Amid its ongoing invasion from the Russian Federation, the Ukrainian government wants to depict some war moments to show the world in the form of non-fungible tokens (NFTs). Thus, the nation continues to employ the asset class to help fund its defense.
Russia-Ukraine War as NFTs
The popularity boom of the NFT sector last year led to countless musicians, sportspeople, businesses, and other celebrities and prominent figures hopping onboard. However, Russia’s decision to launch a “special military operation” in Ukraine prompted the latter’s government to try using digital collections to aid its struggling defense.
At first, Ukraine wanted to airdrop some of the proceeds it garnered from cryptocurrency donations, which are in the tens of millions of dollars now. However, it failed to do so and decided to go with an NFT route.
As reported by The Guardian, the nation’s deputy minister of digital transformation, Alex Bornyakov, has provided more details on the matter. He asserted that the digital collections will be “like a museum of the Russian-Ukrainian war. We want to tell the world in NFT format.”
The politician refused some assumptions that the crypto proceeds will be used to buy weapons. Instead, he promised that they will go for defense equipment and to fund media activities.
“We are buying night-vision goggles, optics, helmets, bulletproof vests.” – he added.
CryptoPotato reported last week the plans of Wladimir Klitschko – the former heavyweight boxing champion – to launch an NFT collection to raise funds for his homeland Ukraine.

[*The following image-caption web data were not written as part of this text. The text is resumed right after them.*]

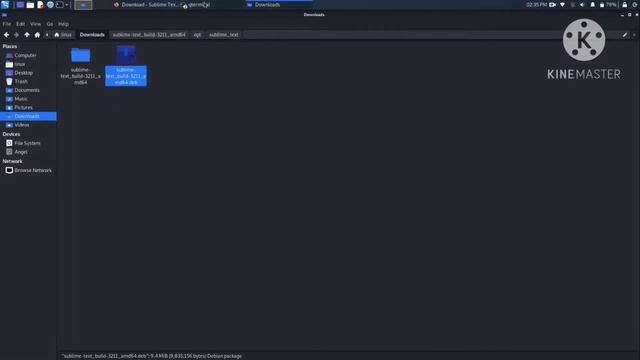 Download and Installation of Sublime Text in Kali Linux 2021.2 смотреть онлайн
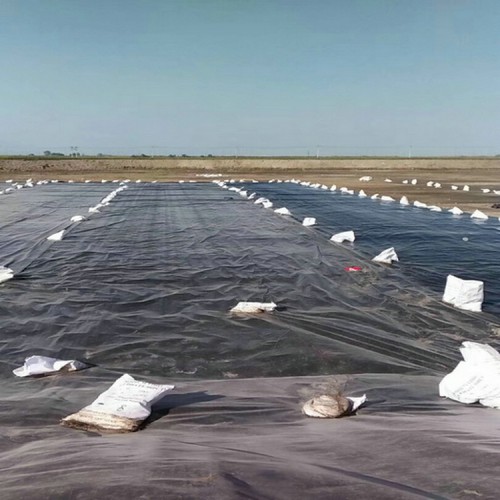 化工廠土工膜 1.5mm防滲膜經久耐用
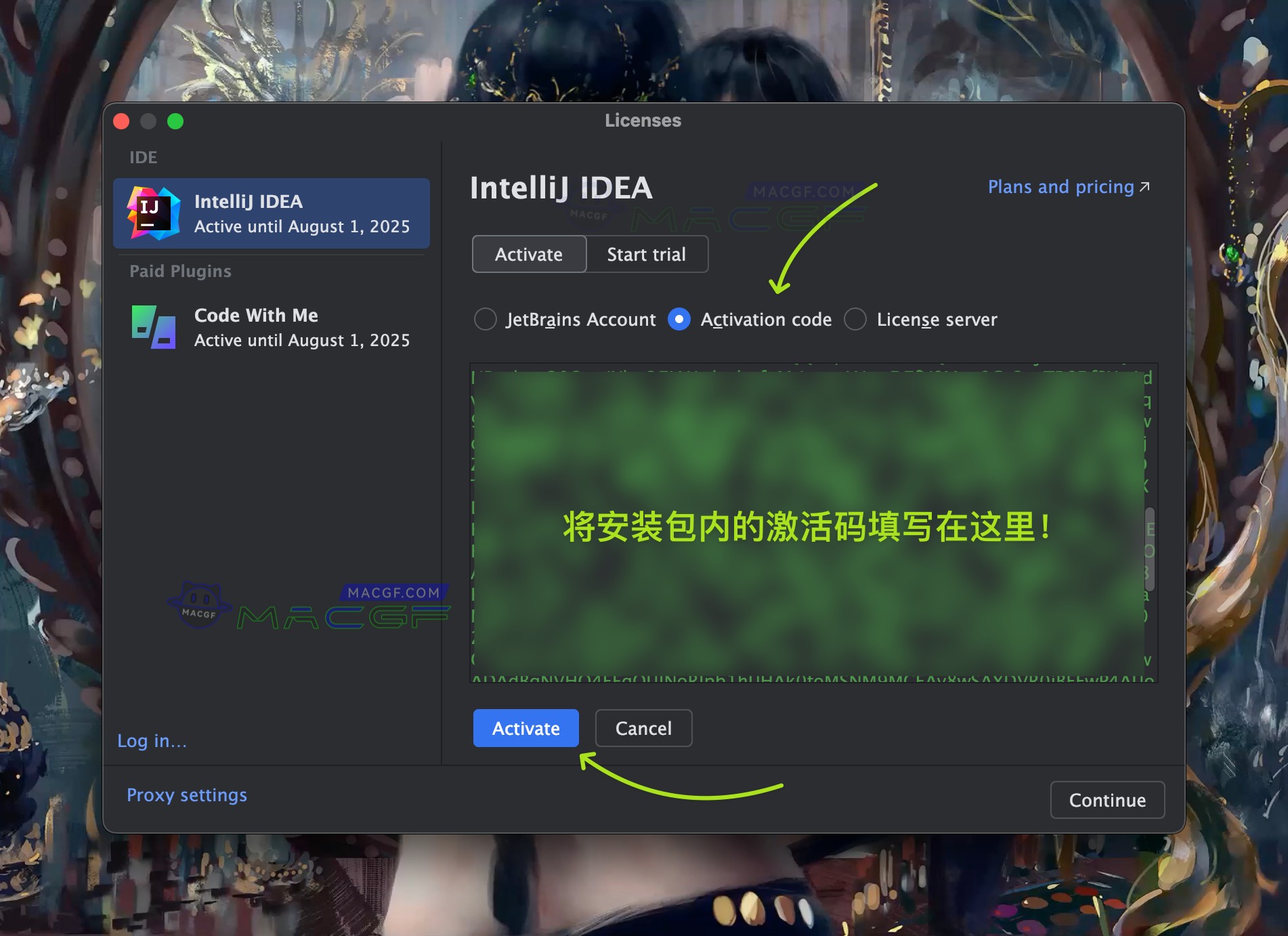图片[1] - 「Java语言开发集成环境」JetBrains IntelliJ IDEA v2024.1 中文激活版 - macGF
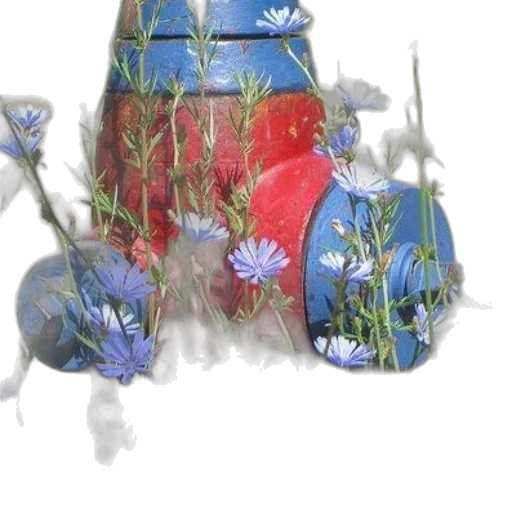 flower, crown, dress, bottle transparent PNG cut-out
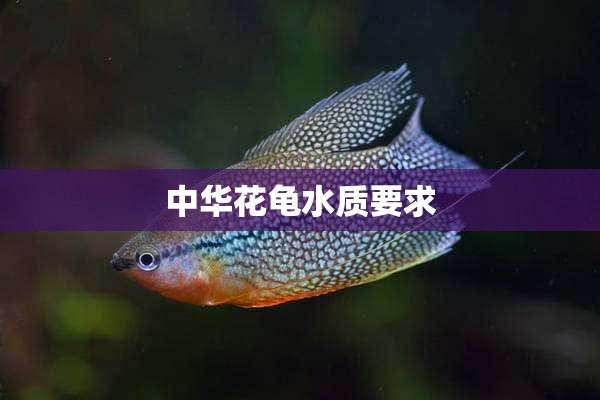 中华花龟水质要求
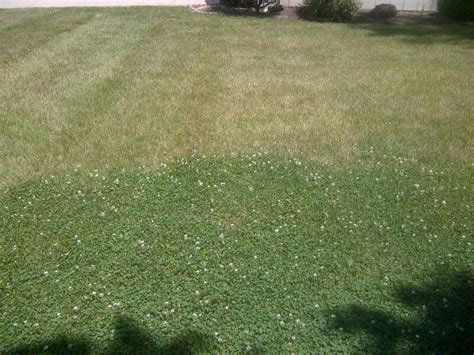 Microclover Lawn Seed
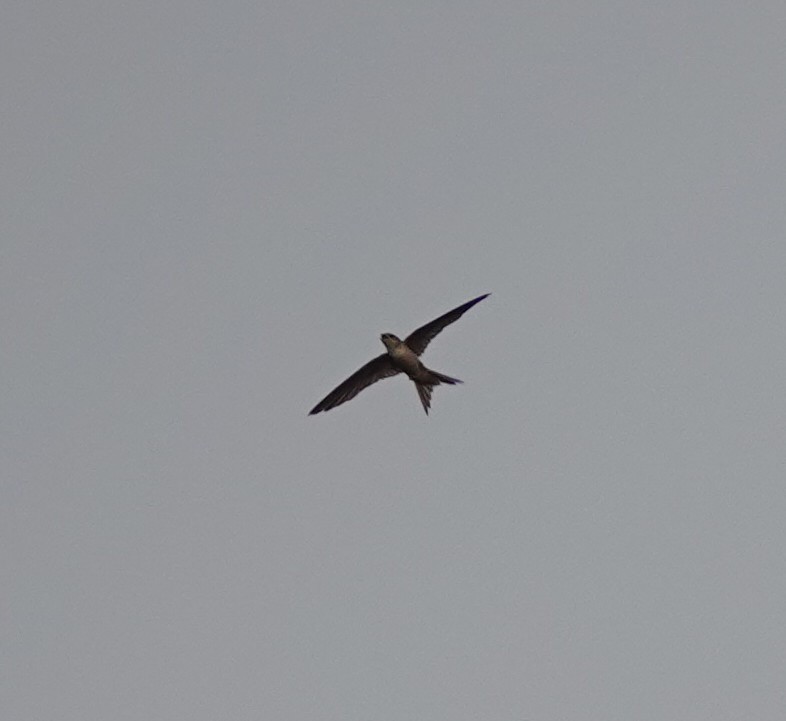 Asian Palm Swift - ML454087561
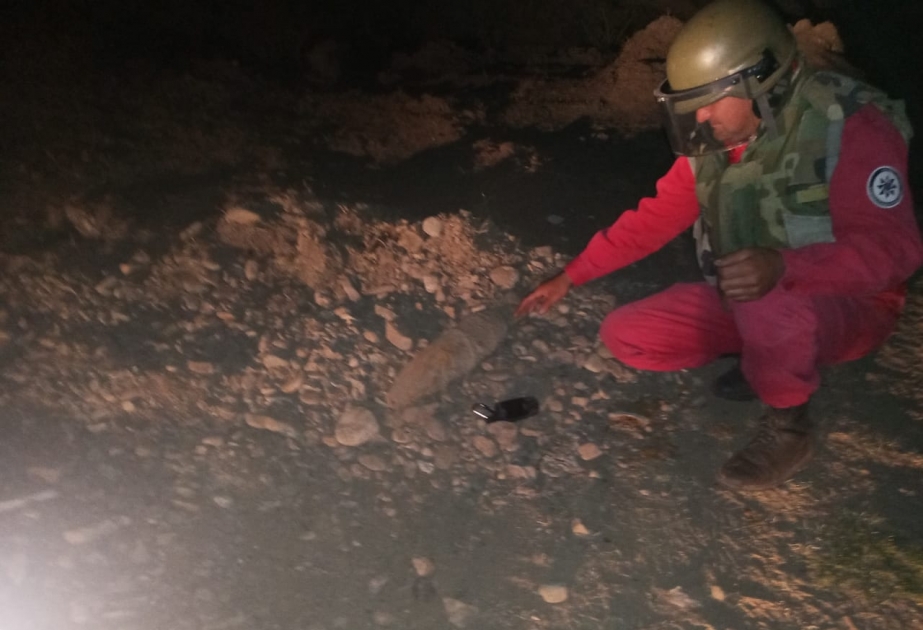ANAMA: Ağstafada bir ədəd top mərmisi zərərsizləşdirilib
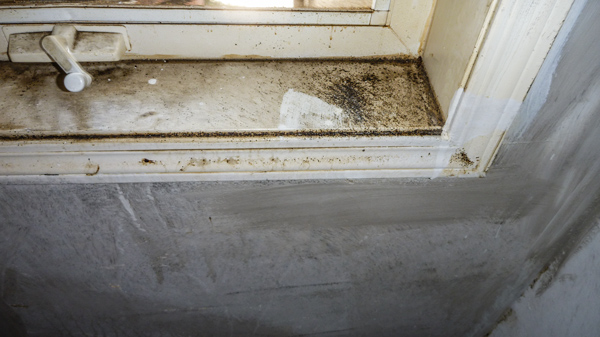Window sill covered with black excrements from bed bugs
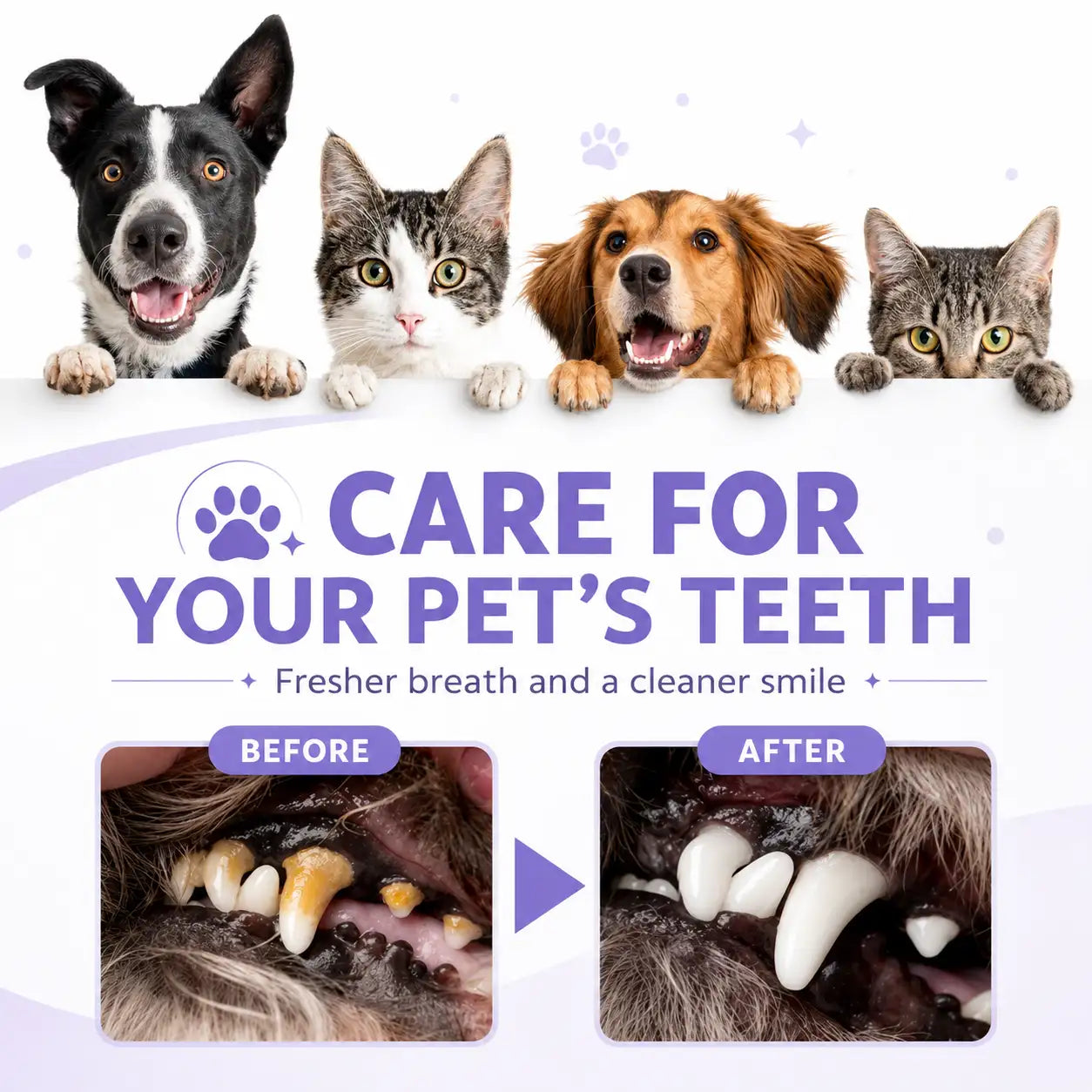 Pet Oral Spray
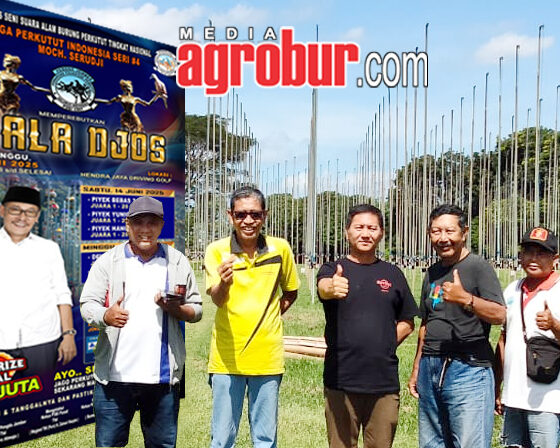 Piala Djos Jember 2025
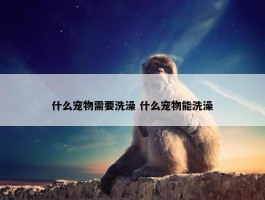 什么宠物需要洗澡 什么宠物能洗澡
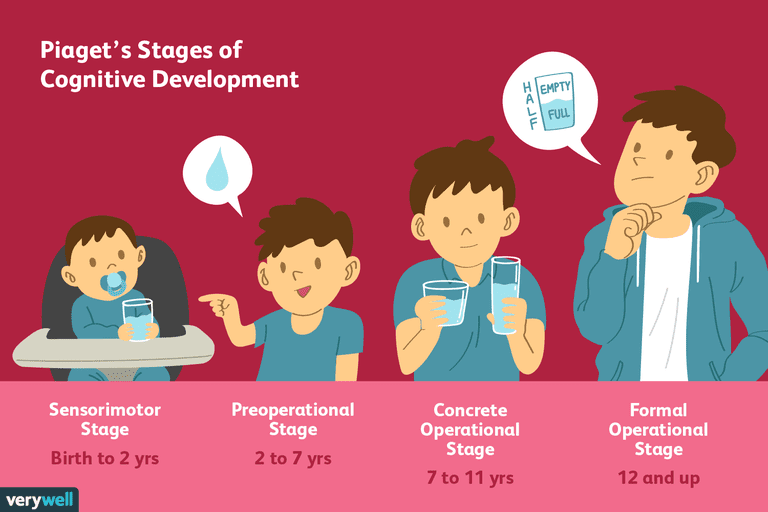 Image result for Piagetâ€™s theory of cognitive development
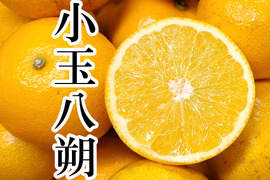 和歌山県の八朔で産地直送の商品｜食べチョク｜産地直送(産直)お
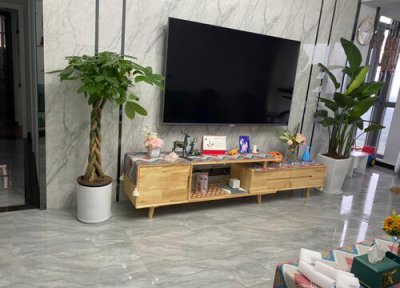 发财树怎么养才茂盛叶子油亮 夏季如何养护发财树叶片长得油亮亮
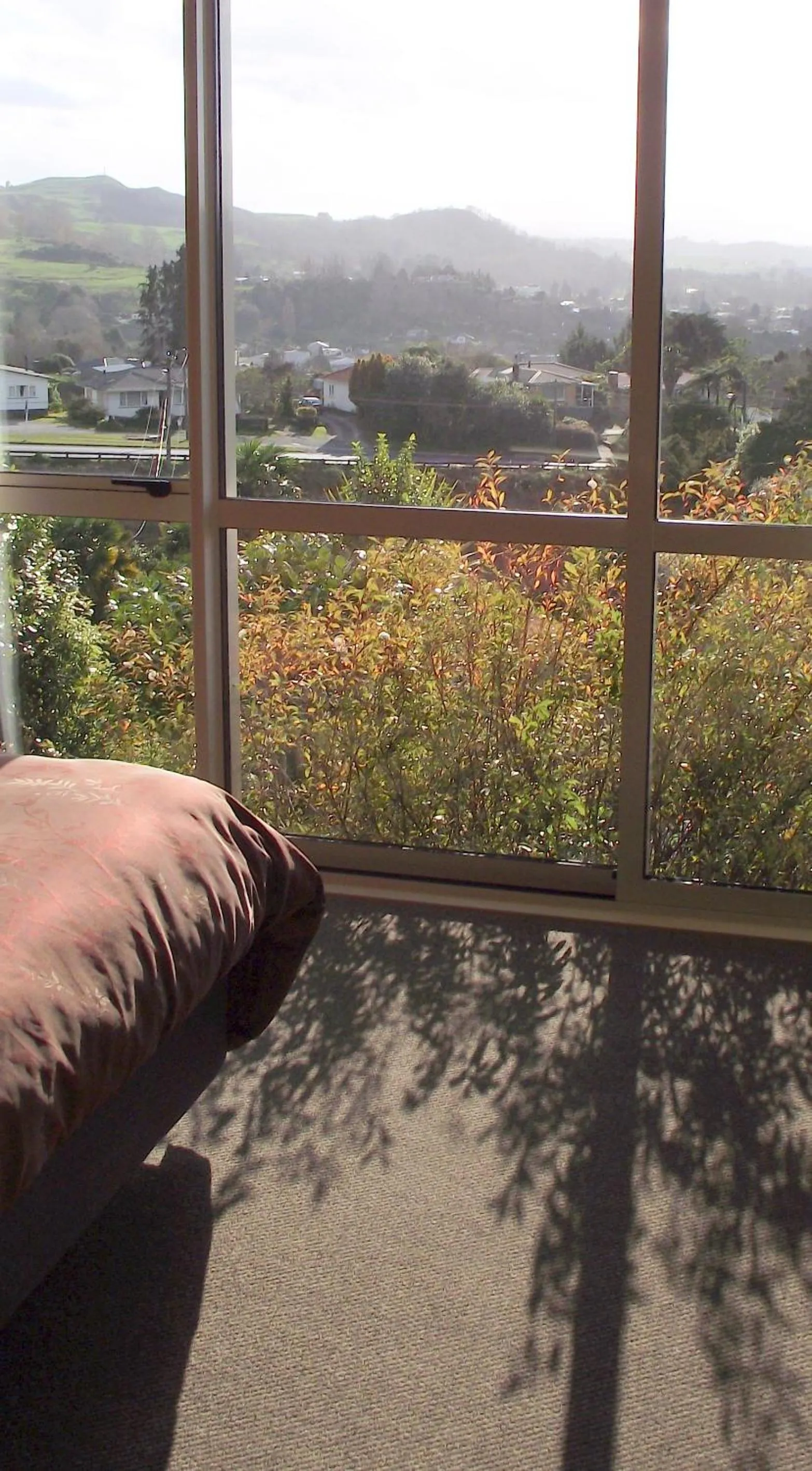 View (from property/room) in Panorama Motor Inn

Russian Social Propaganda Disabled?
Before its invasion of Ukraine, the Russian government began a media campaign justifying its future actions and explaining to locals why it had to do what it planned to do. Bornyakov labeled this approach one of Russia’s most powerful weapons and believes that global brands, such as Facebook and Instagram, have done the right thing by blocking access to such content.
“We convinced social media platforms, international companies, to either block Russia, go out from Russia, or completely change their information policy.” – he added.
It’s worth noting that portions of the crypto industry also undertook a similar approach, with Coinbase blocking 25,000 Russian addresses supposedly linked to illegal activities.